During the draw period, interest-only payments cover just the borrowing cost without reducing your balance. On a $50,000 balance at 8.5%, the interest-only payment is about $354/month. When the repayment period starts and payments become fully amortized over 20 years, the payment jumps to approximately $434/month. Over 15 years, it would be $492/month. Interest-only payments keep costs low initially but mean you owe the full balance when repayment begins.
How does the variable rate on a HELOC affect my payments?
Most HELOCs have variable rates tied to the prime rate, which means your payment changes when the Federal Reserve adjusts rates. A 1% rate increase on a $50,000 balance adds about $42/month to an interest-only payment. Over the life of a HELOC, rates could swing 3-5%, meaning your payment could fluctuate by $125-$210/month. Budget for potential rate increases by stress-testing your payments at 2-3% above the current rate.
How are HELOC payments calculated during each phase?
During the draw period, the interest-only payment is simply: Balance x (Annual Rate / 12). During the repayment period, payments use the standard amortization formula on the outstanding balance over the remaining repayment term. For example, $60,000 at 8% interest-only is $400/month. When repayment starts over 20 years, the payment becomes approximately $502/month -- a 25% increase that you need to budget for.
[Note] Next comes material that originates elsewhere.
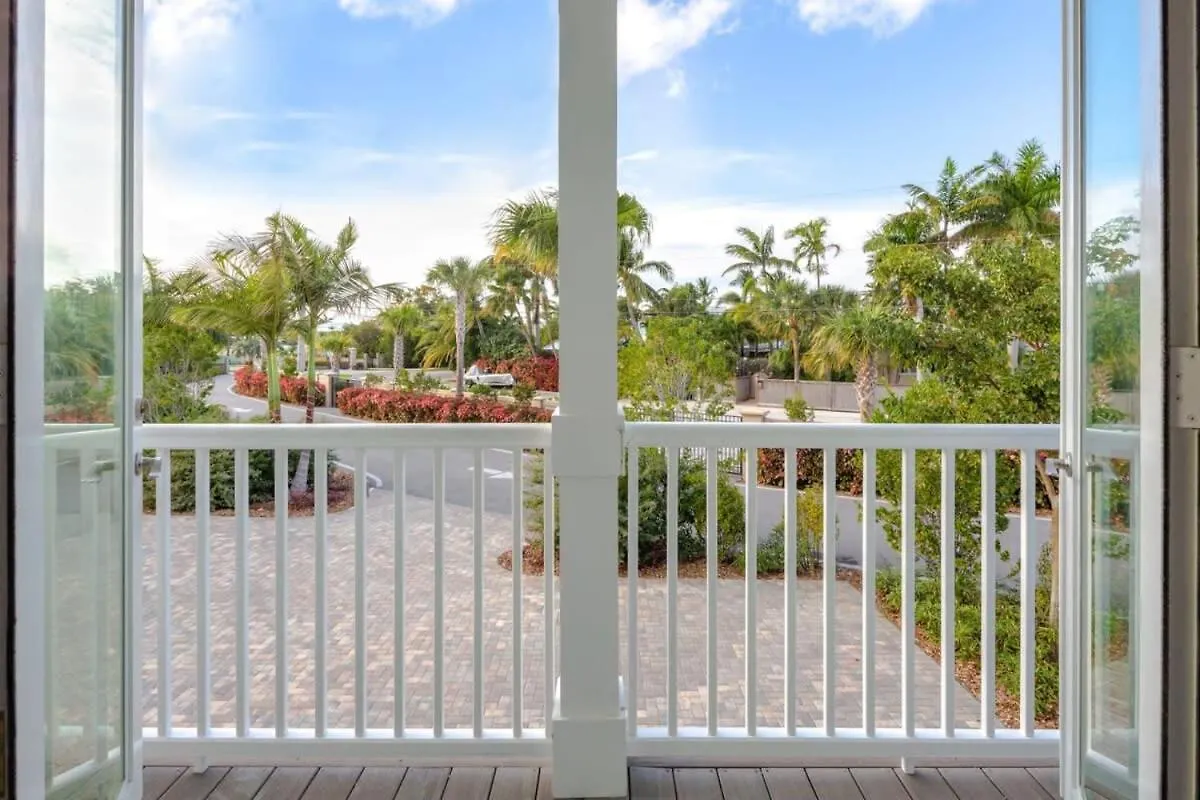 Evershore House -pool, Parking, Dock! Holiday home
Can I make early payments or pay off my HELOC ahead of schedule?
Yes, most HELOCs allow extra payments and early payoff without prepayment penalties during both periods. Making principal payments during the draw period is one of the smartest strategies -- it reduces your balance, lowers future interest-only payments, and makes the transition to the repayment period less jarring. Paying even $200/month extra toward principal during a 10-year draw period can reduce the outstanding balance by $24,000+ before repayment begins.